Mentre la politica è alle prese con alchimie sempre più complicate peraltro abbondantemente indotte da un sistema elettorale costruito ad hoc dal centrodestra per assicurare al paese un elevato tasso di ingovernabilità, alcuni milioni di italiani over 60, e non solo, sono alle prese con un problema molto più prosaico e banale: l’acquisizione da parte dell’INPS (Istituto nazionale della previdenza sociale) del CUD da allegare alla dichiarazione dei redditi 2013, come si è sempre fatto del resto.
In passato, salvo qualche fisiologico inciampo, non c’erano mai stati grandi problemi. L’ente previdenziale inviava al domicilio dell’iscritto il documento attestante il suo reddito pensionistico, il CUD appunto, e tutto finiva lì. Ma i tecnici del governo Monti ci hanno messo lo zampino in fase di revisione della spesa imponendo all’INPS di chiedere ai suoi milioni di iscritti di procurarsi il CUD per via telematica, convinti, nella loro abissale distanza dalla realtà del paese, che fosse una misura logica, razionale, risparmiosa. Niente di nuovo sotto il sole perché questo era e resta il Paese della “dottrina dell’ora zero”, vale a dire delle riforme – dalla più piccole alle più grandi – varate a partire da una certa data senza prevedere, come accade nel resto dell’Europa occidentale, un congruo periodo di passaggio graduale, di aggiustamenti in corso d’opera.
La legge 180 che meritoriamente aboliva i manicomi fu applicata indistintamente su tutto il territorio nazionale senza che una sola delle strutture alternative previste dalla legge stessa fosse operativa. Per un’applicazione appena decente di quelle norme ci sono voluti vent’anni. A livelli molto meno importanti la stessa cosa è accaduta con le varie disposizioni contro la violenza negli stadi. Fu concesso alle società un paio di mesi o poco più per posizionare ai vari ingressi degli stadi i tornelli di controllo col grottesco risultato che vennero sì posizionati ma per mesi non funzionarono perché i collegamenti elettrici e telematici non potevano essere attivati per decreto con la bacchetta magica. In pratica si passava nei tornelli spenti, il rispetto formale della norma era salvo, la sostanza per niente ma questo è un trascurabile dettaglio nella patria dell’incertezza del diritto.

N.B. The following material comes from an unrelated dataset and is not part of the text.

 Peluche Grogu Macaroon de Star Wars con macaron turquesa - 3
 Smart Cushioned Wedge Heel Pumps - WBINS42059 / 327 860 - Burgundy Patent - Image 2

Chiusa la divagazione torniamo ai rotariani del governo Monti i quali, più che a qualche serio studio sulla reale alfabetizzazione digitale dei pensionati italiani in maggioranza titolari di modestissimi assegni falcidiati da IMU e balzelli vari, devono aver seguito i deliri di chi, in TV e in rete, racconta, un giorno sì e l’altro anche, di legioni di nonni che passano il loro tempo inchiodati al computer, tutti trasformati, in men che non si dica, in vecchie volpi di Facebook e di Twitter.
Un abbaglio avvilente e insultante. In realtà le procedure telematiche funzionano poco e male, il numero verde telefonico nazionale è sommerso di chiamate inevase e si viene invitati a chiamare nelle 24/48 ore successive, notti comprese naturalmente, i tempi di attesa risultano biblici, gli impiegati dell’INPS sull’orlo di una crisi di nervi.
Mi piacerebbe tanto che Fornero, Passera, Bondi o chi per essi alla fine di questa ennesima storiaccia burocratica ci dicessero qual è l’ammontare dei risparmi realizzabili con l’olimpica pensata. Non sarebbe stato più semplice proporre ai pensionati di scegliere tra l’opzione telematica gratuita e quella del consueto invio postale del CUD pagando, diciamo, un paio di euro? Penso che l’ente di previdenza avrebbe incassato una bella cifra lasciando in pace i suoi già tartassati clienti e senza aggiungere discredito a discredito. Ma al peggio, si sa, non c’è mai fine, almeno alle italiche latitudini.